In other words, aibVIS represents a new form of drug discovery platform in which diverse specialized AIs each exercise their expertise and integrate organically with our researchers.

The drug discovery platform, aibVIS, incorporating multiple specialized AIs

The drug discovery platform, aibVIS, incorporating multiple specialized AIs

Technically, we utilize “rule-based AIs” together with “data-driven AIs.”
Rule-based AIs encode scientific theories as well as expert knowledge into explicit rules, making decisions accordingly. They are particularly useful in emerging areas with limited data available. Since our founding, we have pursued mRNA-targeted drug discovery by applying rule-based AIs to mRNA targets whose data was scarce.
By contrast, data-driven AIs, which are the current mainstream, train machine learning and deep learning models on large datasets. As our internal research and collaborative research with pharmaceutical partners have accumulated ample data on mRNA-targeted drug discovery, we began implementing data-driven AIs tailored to specific drug discovery tasks.

One of our data-driven AIs is already enhancing efficiency in the screening stage of mRNA-targeted small molecule drug discovery.
In our machine learning–assisted screening approach called AISLAR (AI-augmented Iterative Screening Libraries Against RNA targets), we statistically analyze results from the first batch (the initial set of compounds evaluated), and based on those findings, the AI selects the compounds to be assessed in the next batch. By iterating this cycle, “perform statistical analysis, then select compounds via AI,” we found that screening only about 20% of the entire library yields more than half of the hits that would be obtained by exhaustively screening the entire library.

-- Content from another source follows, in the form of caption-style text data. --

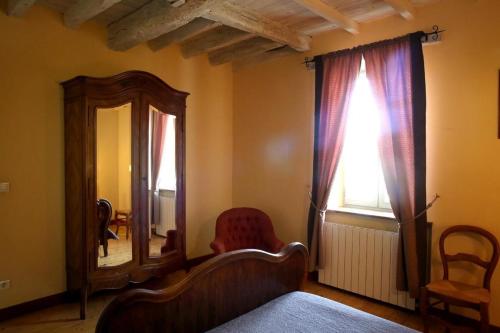 Postel nebo postele na pokoji v ubytování Gîte d'En Lébé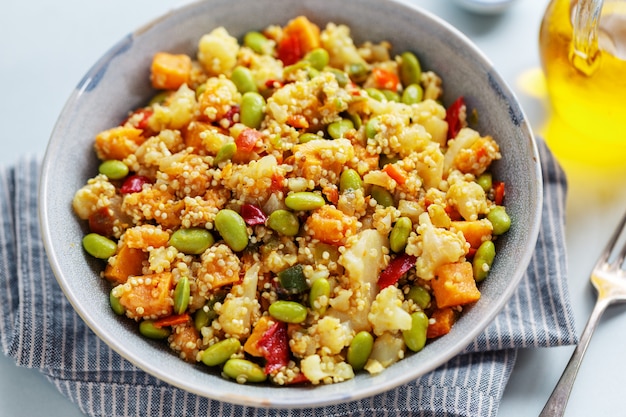 Quinoa with vegetables cooked for lunch or dinner and served in bowl. Closeup.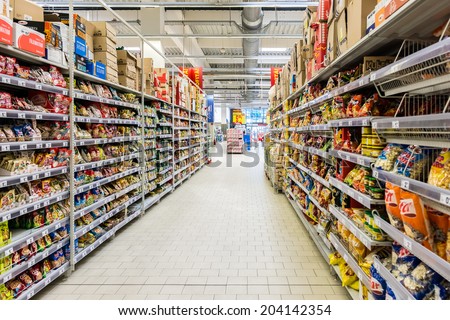 BUCHAREST, ROMANIA - JULY 09, 2014: Junk Food For Sale In Supermarket Aisle.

In other words, AI can boost screening efficiency by roughly twofold or more.

Screening workflow and example performance evaluation with AISLAR

Screening workflow and example performance evaluation with AISLAR

Thus, building upon and refining our specialized rule-based AIs cultivated since our founding and progressively introducing specialized data-driven AIs as our business advanced, we have developed our drug discovery platform into aibVIS. Going forward, while preserving our existing advantages, we will further improve efficiency to drive both our platform and pipeline businesses by ambitiously developing AI technologies specialized for drug discovery challenges and embedding them into our drug discovery processes.

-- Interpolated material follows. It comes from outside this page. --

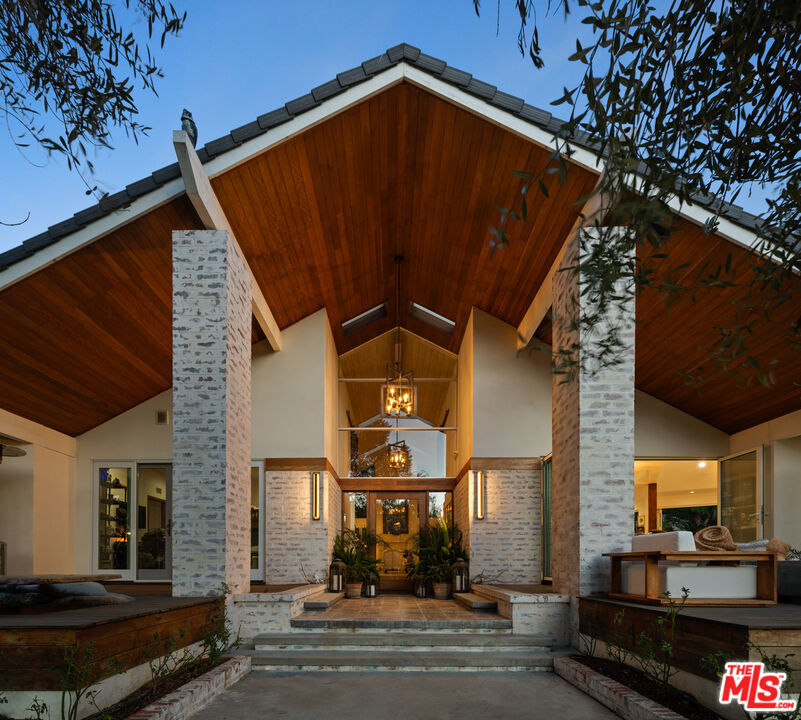A property available for sale at 3410 Serra Road, Malibu, CA 90265.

We believe this approach is suitable for a small biotechnology company like ours and commensurate with its scale. We have a system in place that enables the agile development of specialized AIs with our experimental scientists and software developers together in close proximity—often being the same individual, resulting in a “co-creative” drug discovery platform in which researchers and AIs evolve together. Our model, where each specialized AI demonstrates its expertise while harmonizing with human collaborators, naturally resonates with the Japanese cultural concept of “Yaoyorozu no Kami”—the belief that the world is shaped by myriad deities, each fulfilling their own specific role. We are proud to be a biotechnology company originating from Japan, and will continue to leverage these strengths as we grow.